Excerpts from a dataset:
━━━━━━━━━━━━━━━━━━━━━━━━━━━━━━

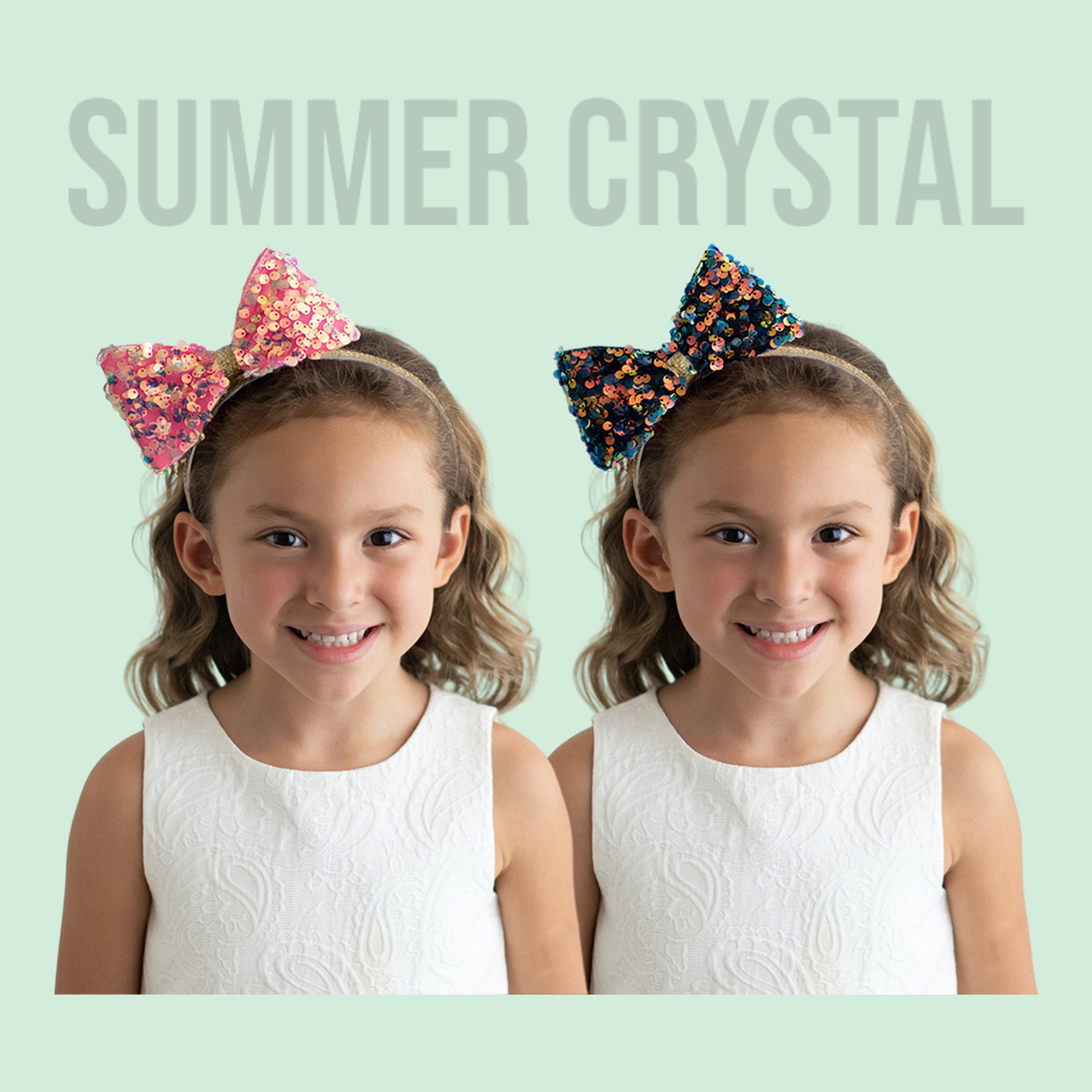 Summer Crystal - Large Sequin Bow Headband - 1 Pack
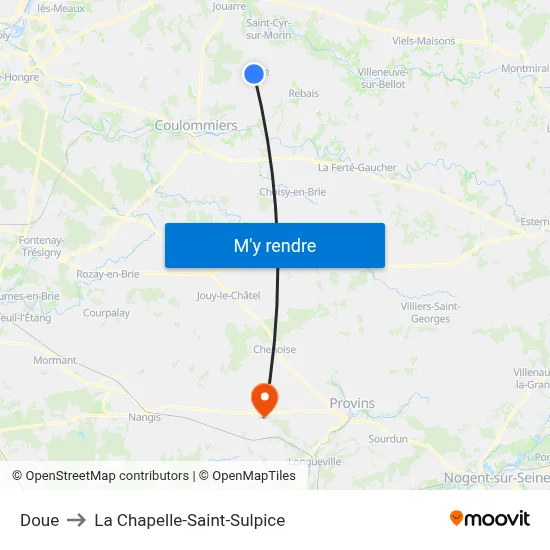 Doue to La Chapelle-Saint-Sulpice map
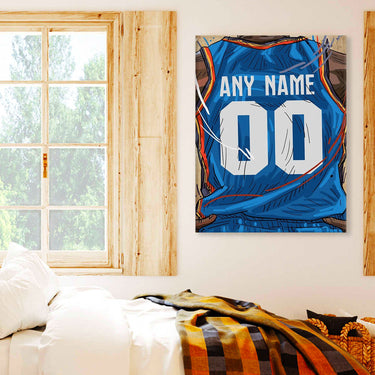 Oklahoma City Jersey Custom Canvas Print Wall Art for Boy Girl Men Women Basketball Personalized Canvas Art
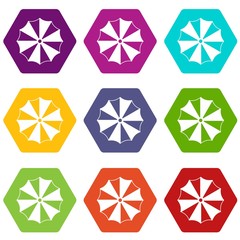 Striped umbrella icon set color hexahedron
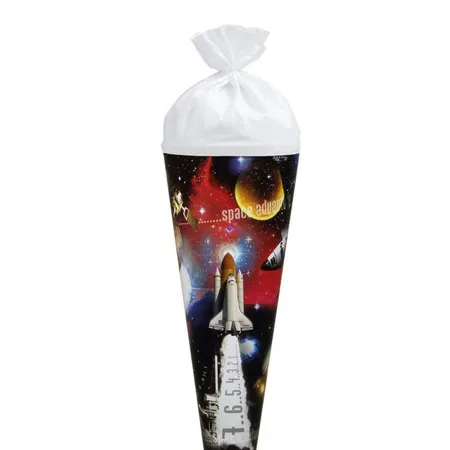 Roth Schultüte Space mit Silberfolie, 70 cm, rund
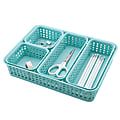 See Jane Work® Plastic Weave Bins, Small Size, Blue, Pack Of 5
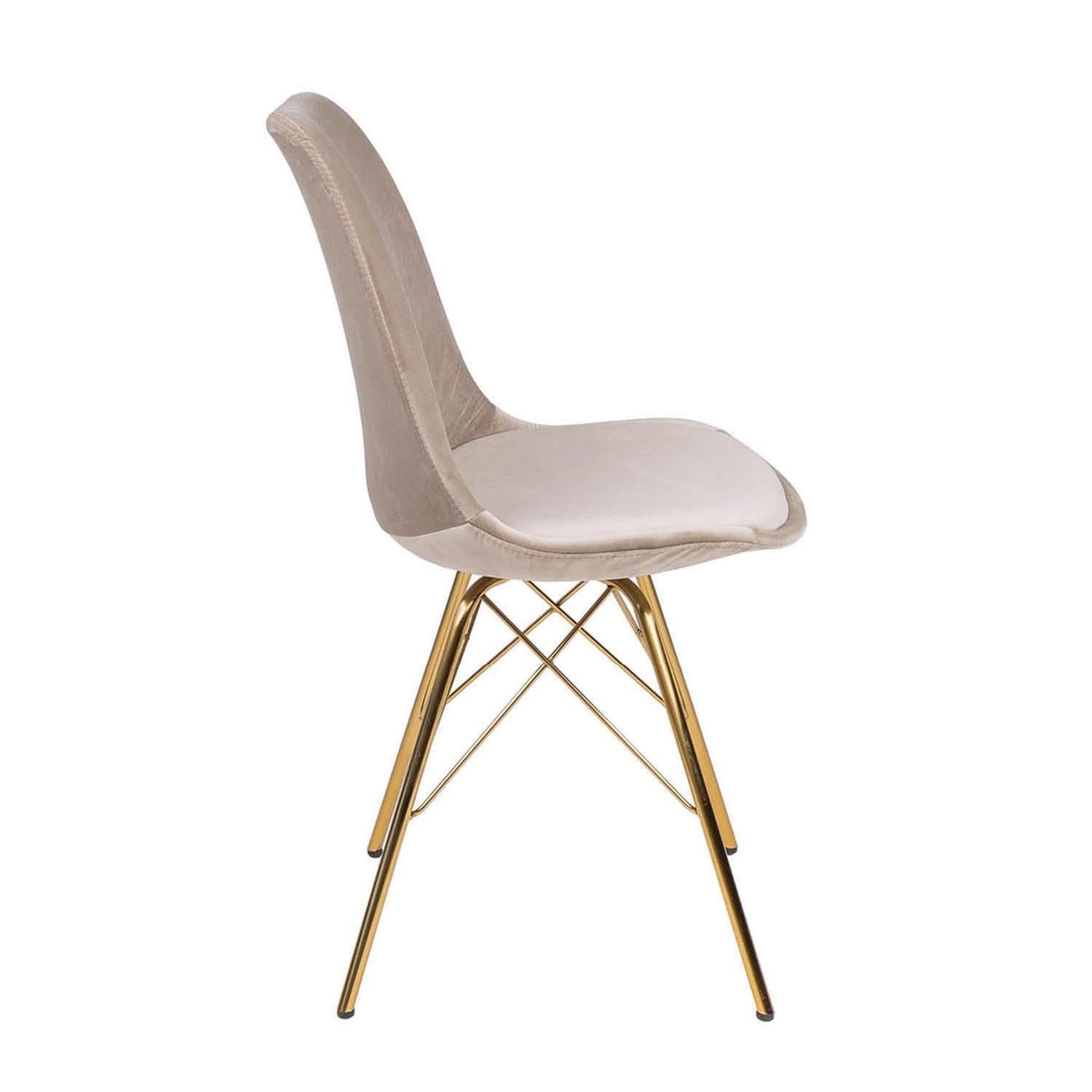 Esszimmerstuhl Velvet - Champagner & Gold-Esszimmerstühle-Kick Collection-le canapé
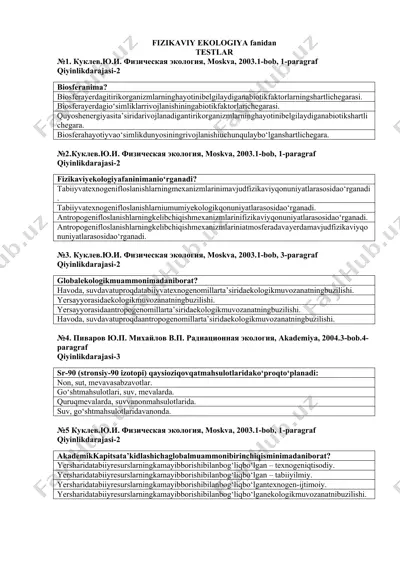 fizikaviy ekologiya fanidan testlar — DOCX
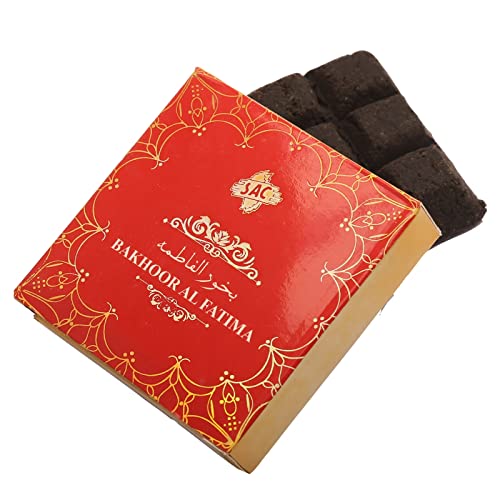 SAC Bakhoor Fatima Incense Bar 1.2 Oz (35g) by SAC - High Grade Premium Incense of Sandalwood Powder Oud Powder Musk and Perfumery Sugar | 9 Bricks Assorted Scents in One Square Shape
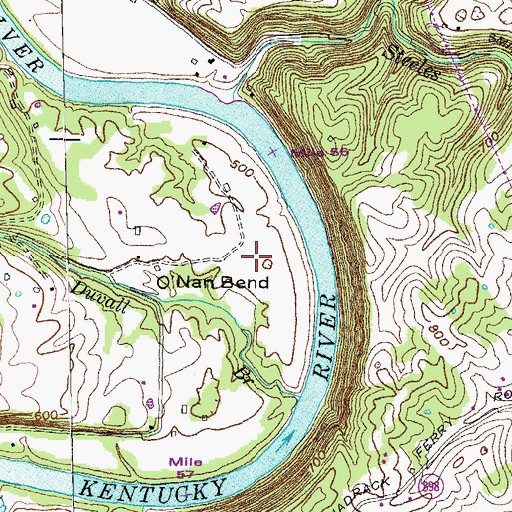 Topographic Map of O'Nan Bend, KY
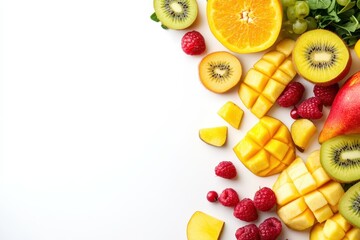 Sticker - Bird s eye view of a vibrant fruit and greens salad against a white backdrop ideal for text Nutritious meal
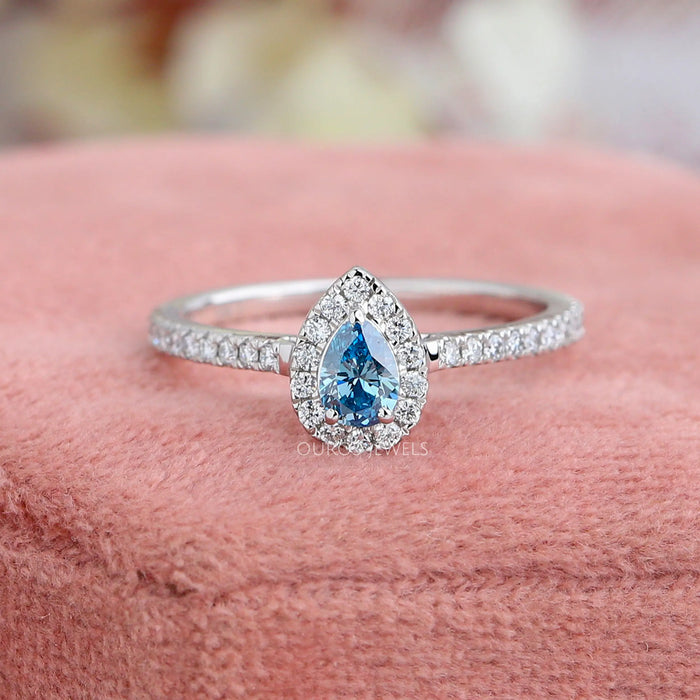 Blue Pear Halo Solitaire Diamond Engagement Ring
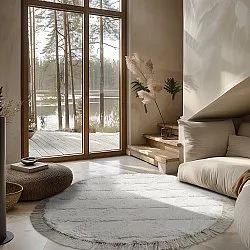 Kruhový koberec - Pamplona Natural Cotton Shaggy (offwhite)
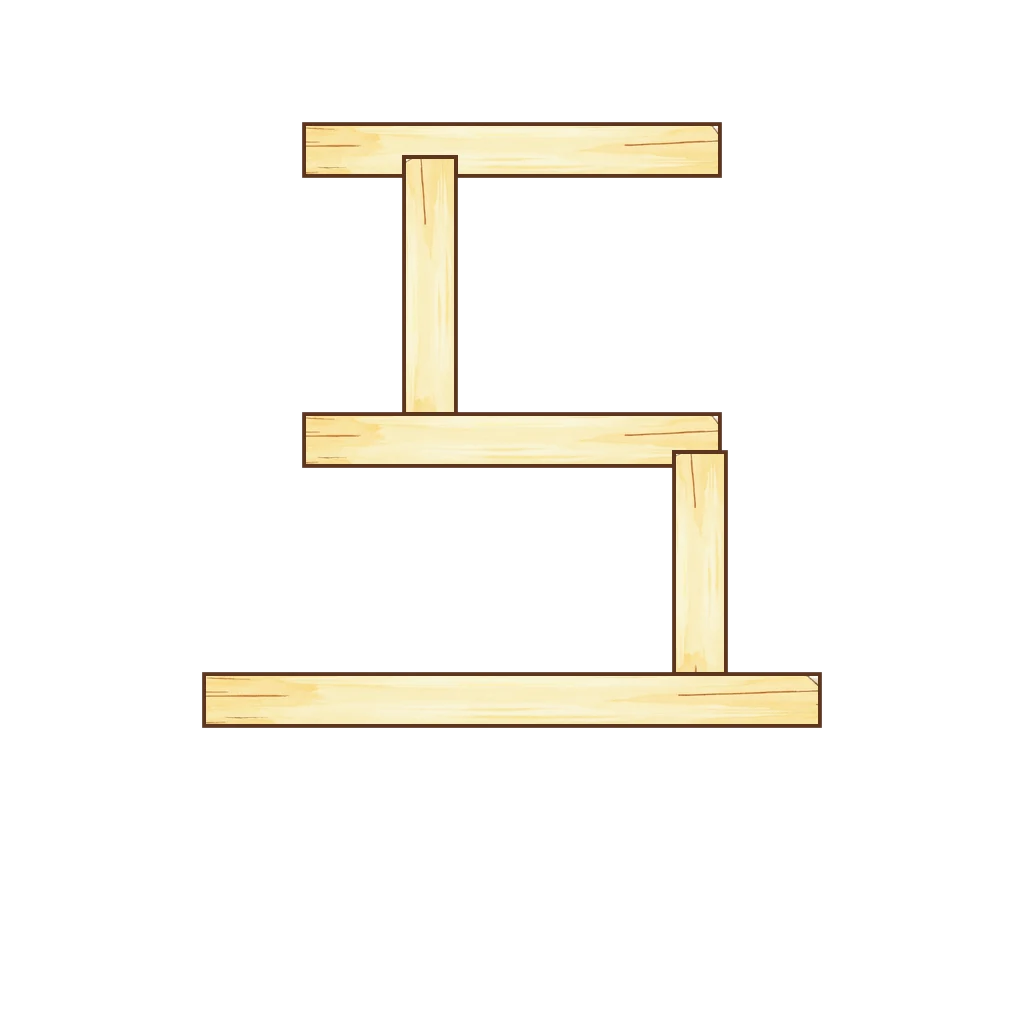 Picture story for the kanji 五, meaning five
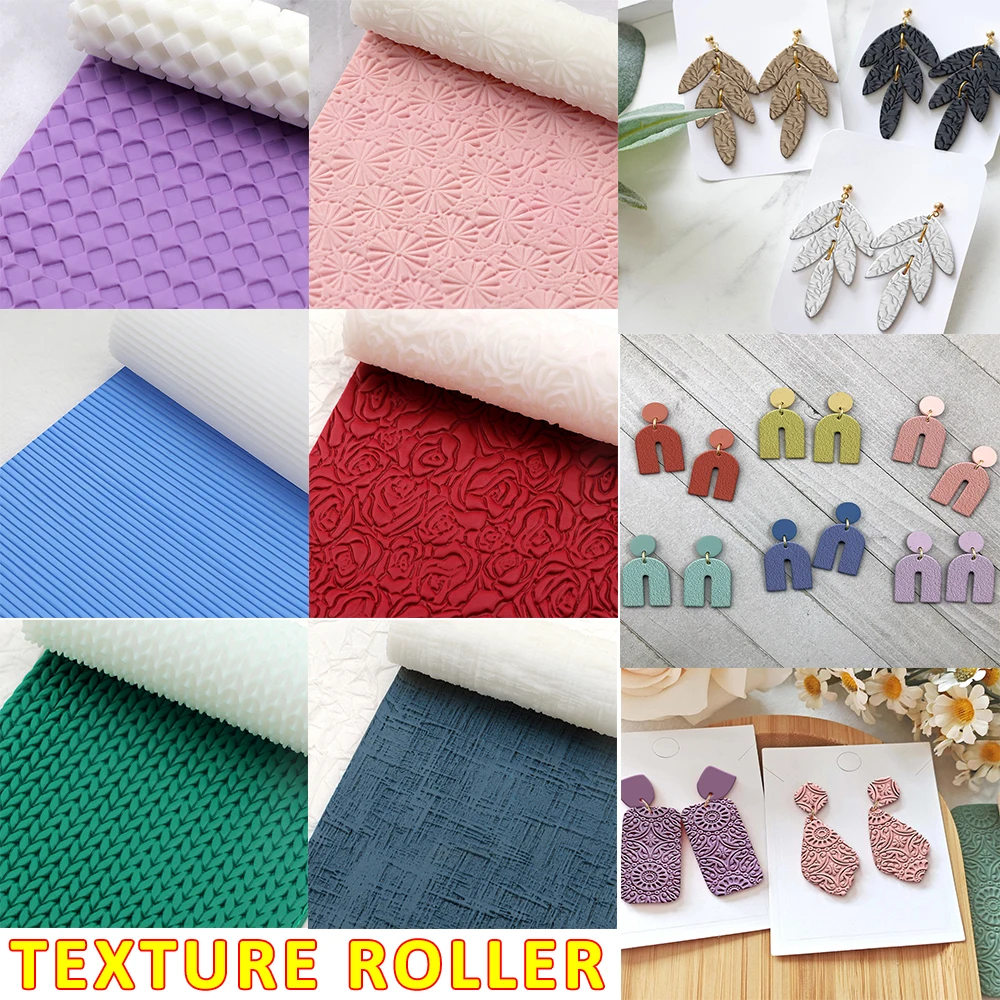 

Grid Rose Floral Leaves Pattern Texture Roller Mold Creative Earrings Clay Mold DIY Earrings Roller Clay Polymer Molding Tool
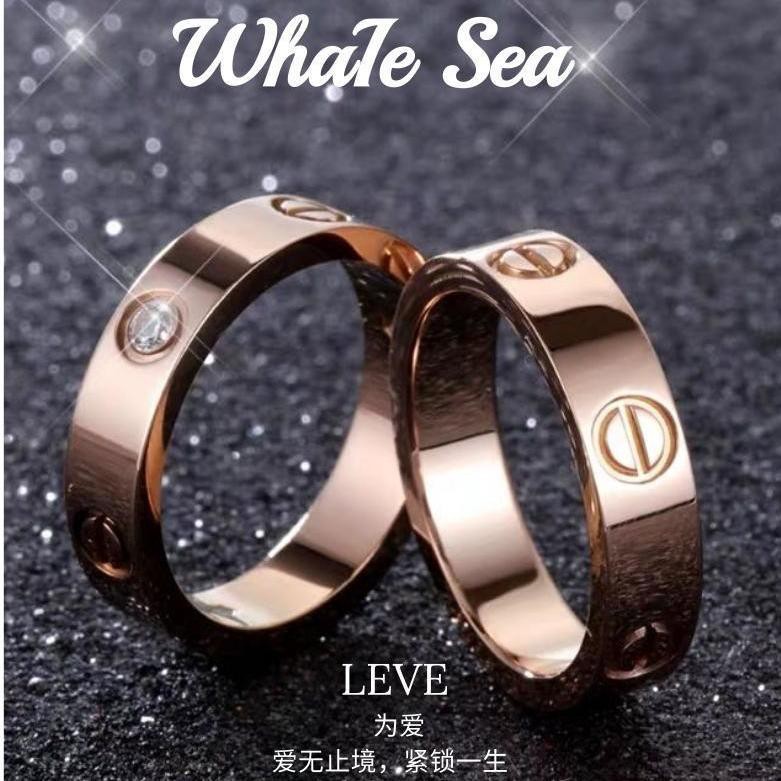 nhẫn nữ thép titan nhật bản và hàn quốc vàng hồng cặp ngón trỏ nam bạch kim đơn giản không khí thời trang hoang dãA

━━━━━━━━━━━━━━━━━━━━━━━━━━━━━━

Description of the task
Copy every line above exactly, leaving no picture in the copy.

Expected answer
 Summer Crystal - Large Sequin Bow Headband - 1 Pack
 Doue to La Chapelle-Saint-Sulpice map
 Oklahoma City Jersey Custom Canvas Print Wall Art for Boy Girl Men Women Basketball Personalized Canvas Art
 Striped umbrella icon set color hexahedron
 Roth Schultüte Space mit Silberfolie, 70 cm, rund
 See Jane Work® Plastic Weave Bins, Small Size, Blue, Pack Of 5
 Esszimmerstuhl Velvet - Champagner & Gold-Esszimmerstühle-Kick Collection-le canapé
 fizikaviy ekologiya fanidan testlar — DOCX
 SAC Bakhoor Fatima Incense Bar 1.2 Oz (35g) by SAC - High Grade Premium Incense of Sandalwood Powder Oud Powder Musk and Perfumery Sugar | 9 Bricks Assorted Scents in One Square Shape
 Topographic Map of O'Nan Bend, KY
 Sticker - Bird s eye view of a vibrant fruit and greens salad against a white backdrop ideal for text Nutritious meal
 Blue Pear Halo Solitaire Diamond Engagement Ring
 Kruhový koberec - Pamplona Natural Cotton Shaggy (offwhite)
 Picture story for the kanji 五, meaning five

Grid Rose Floral Leaves Pattern Texture Roller Mold Creative Earrings Clay Mold DIY Earrings Roller Clay Polymer Molding Tool
 nhẫn nữ thép titan nhật bản và hàn quốc vàng hồng cặp ngón trỏ nam bạch kim đơn giản không khí thời trang hoang dãA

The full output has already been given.